_TASK PROMPT_: Without any pictures, print the lines below from the one that has "Trademark Logo TRIBE" through the one that has "Quail Run Trail", exactly and nothing else.

_DATASET EXCERPTS_:
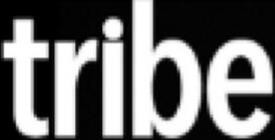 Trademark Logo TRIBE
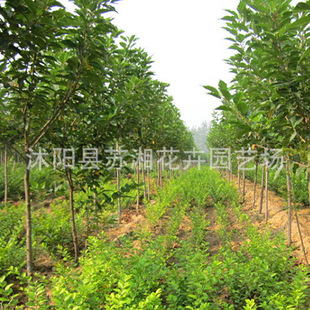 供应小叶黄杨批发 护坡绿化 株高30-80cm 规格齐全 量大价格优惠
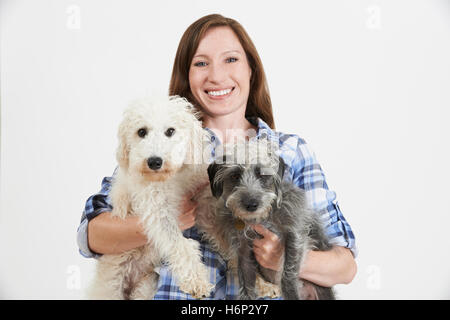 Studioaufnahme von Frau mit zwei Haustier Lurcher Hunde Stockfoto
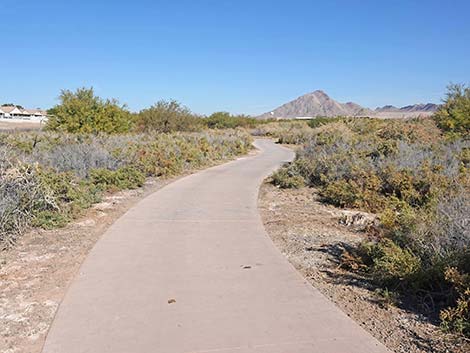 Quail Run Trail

---

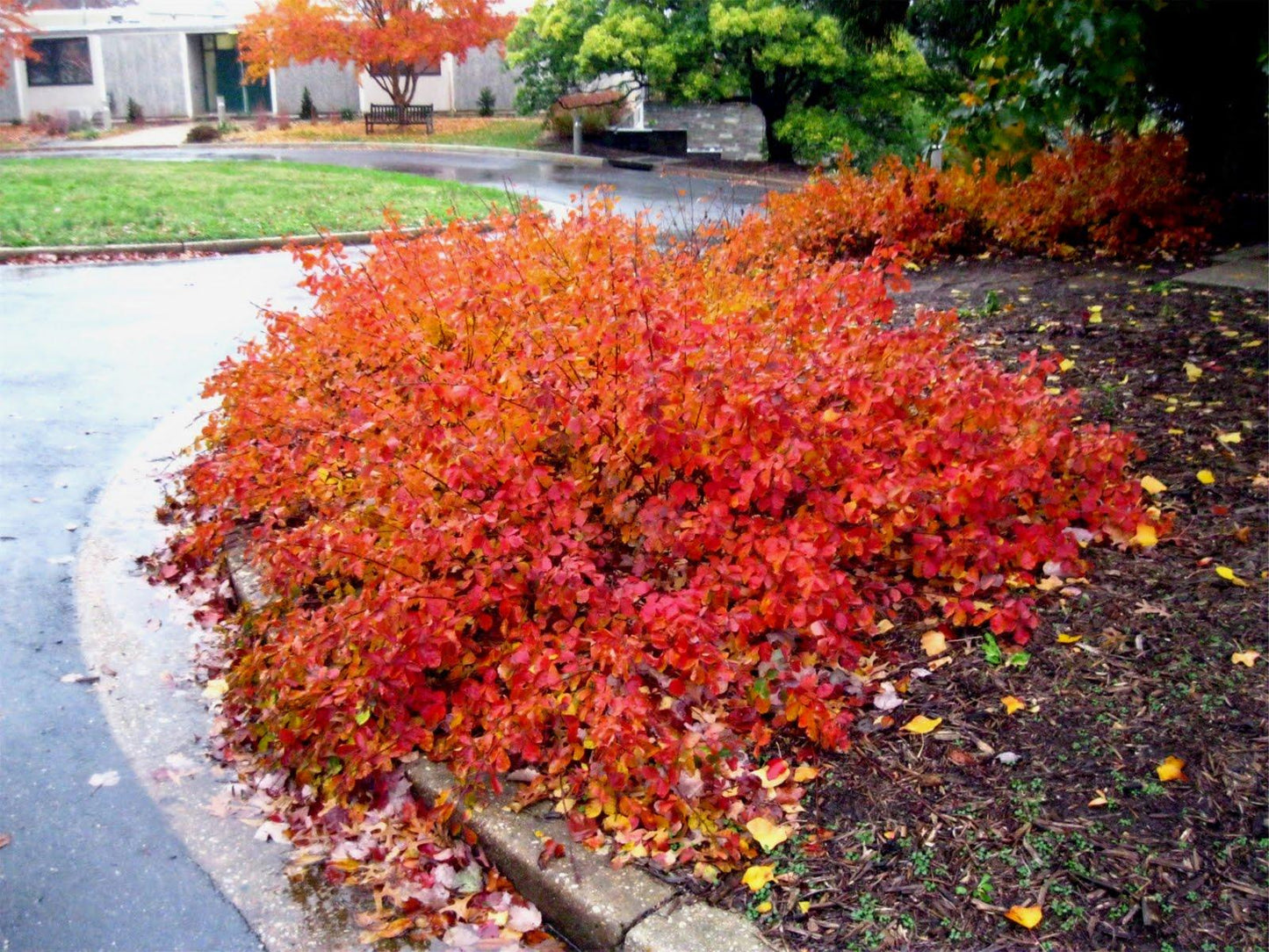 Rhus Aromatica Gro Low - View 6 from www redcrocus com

...

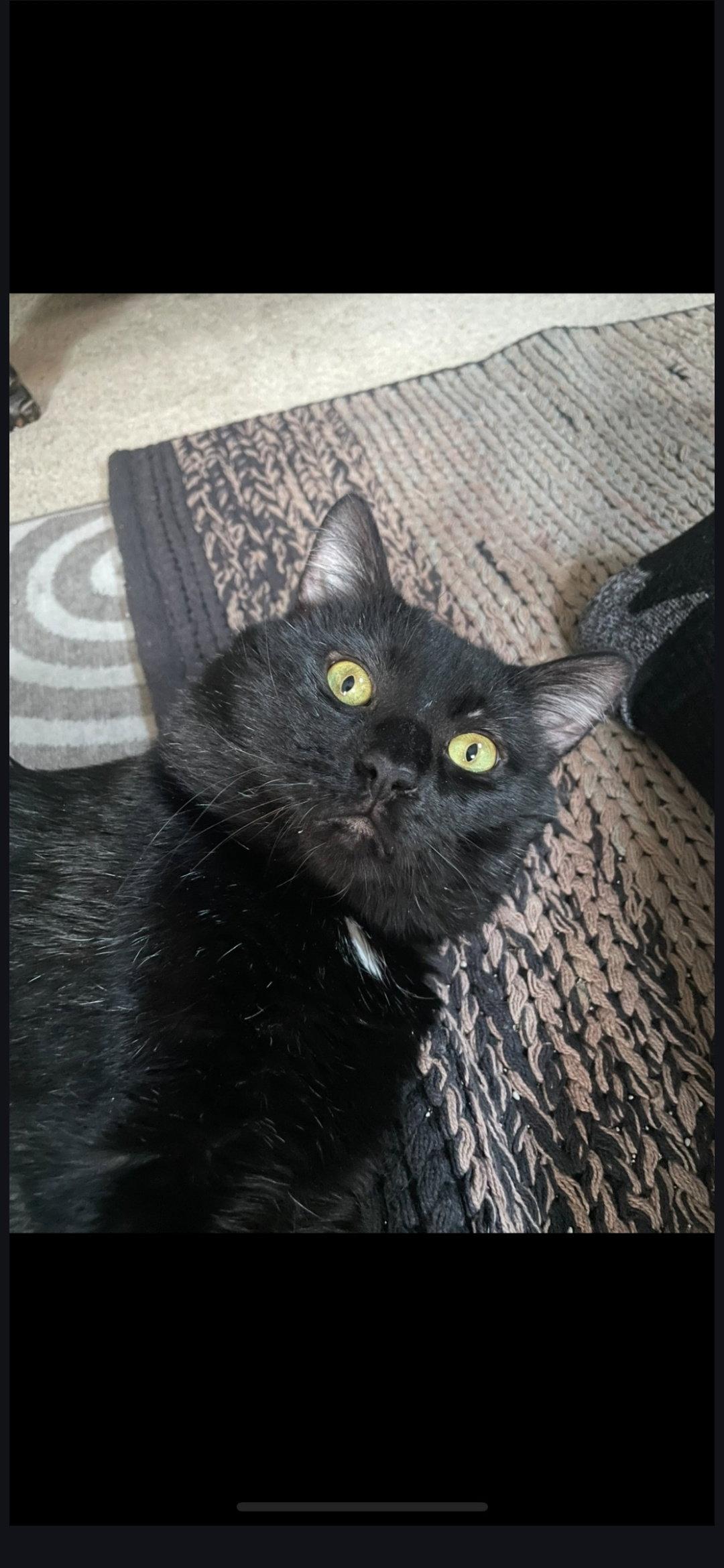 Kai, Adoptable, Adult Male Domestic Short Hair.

_COMPLETED TASK_:
 Trademark Logo TRIBE
 供应小叶黄杨批发 护坡绿化 株高30-80cm 规格齐全 量大价格优惠
 Studioaufnahme von Frau mit zwei Haustier Lurcher Hunde Stockfoto
 Quail Run Trail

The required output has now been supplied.